Böyle birkaç fotoğraf çekildikten sonra birkaç tane de etrafın fotoğrafını çektim ve Jin'e doğru döndüm.
- Benim bu fotoğrafları çıkarttırmam gerekiyor. İstersen sen eve dön.
Bu söylediğim söz üzerine kafasını "hayır" anlamında salladı.
- Hayır bende seninle geleceğim.
Kafamı tamam anlamında salladıktan sonra sağıma doğru döndüm ve tekrar yürümeye başladık. Birkaç metre yürüdükten sonra yanımıza bisikletli bir çocuk geldi. Kafamı ona doğru çevirdiğimde bana güler bir yüzle bakıyordu.

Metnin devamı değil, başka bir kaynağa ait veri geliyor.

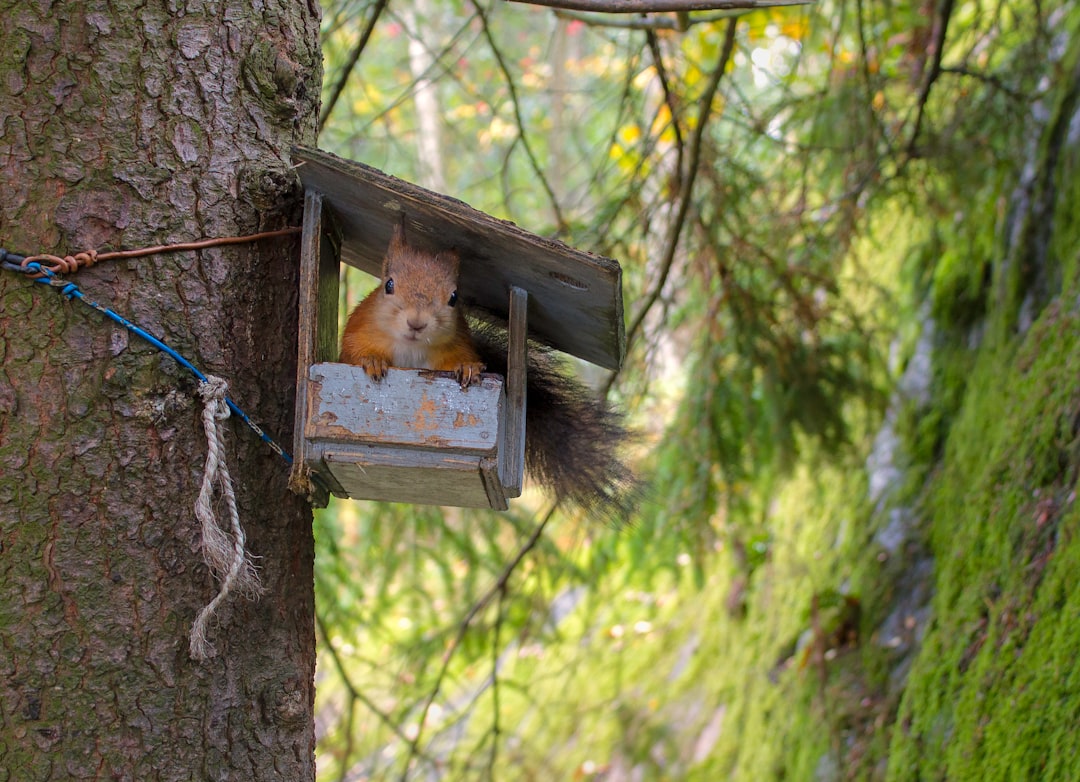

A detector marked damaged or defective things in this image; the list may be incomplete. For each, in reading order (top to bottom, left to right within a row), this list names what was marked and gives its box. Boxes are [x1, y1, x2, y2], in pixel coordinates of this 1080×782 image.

peeling painted board [291, 146, 630, 373]
peeling painted board [308, 362, 501, 451]
peeling painted board [321, 449, 503, 509]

- Merhaba.- Şey... merhaba.
- Bir şey mi oldu?
- Ben size bu bisikleti vermek istiyorum.
- Neden?
- Çünkü bu bisikleti kullanamıyorum ve arkadaşlarıma ilk gördüğüm kişiye vereceğimi söyledim.
- Ama o senin--
- Olsun. Lütfen alın.
Dedi ve bisikleti bize doğru uzattı. Bende bisikleti bir elimde tuttum ve teşekkür ettim. Çocuk tekrar gülerek bana karşılık verdi ve koşarak yanımızdan uzaklaştı. Bir süre arkasından baktıktan sonra bakışlarımı bisiklete çevirdim. Bu bisiklet o yaştaki bir çocuk için büyüktü. Bu yüzden bize vermek istemiş olabilirdi. Jin'e dönerek;
- O zaman bisikletle gidelim.
Dedim. Jin gülümseyerek bana baktıktan sonra;
- Ben sürebilir miyim? Uzun zaman sonra tekrar seninle bisiklete binmek istiyorum.
Dedi ve bisiklete bindi. Sonra binmem için işaret etti. Ben tam arkasına binmek için hareket etmiştim ki bileğimden tutarak kendine çekti ve bisikletin önüne oturttu. Ben şaşkınlıkla Jin'in yüzüne bakarken Jin bisikleti sürmeye başlamıştı. Bu yüzden düşmemek için ani bir hareketle Jin'in beline sarılmıştım. Jin sessiz sandığı kahkahasını atarken kendimi Jin'den uzaklaştırdım.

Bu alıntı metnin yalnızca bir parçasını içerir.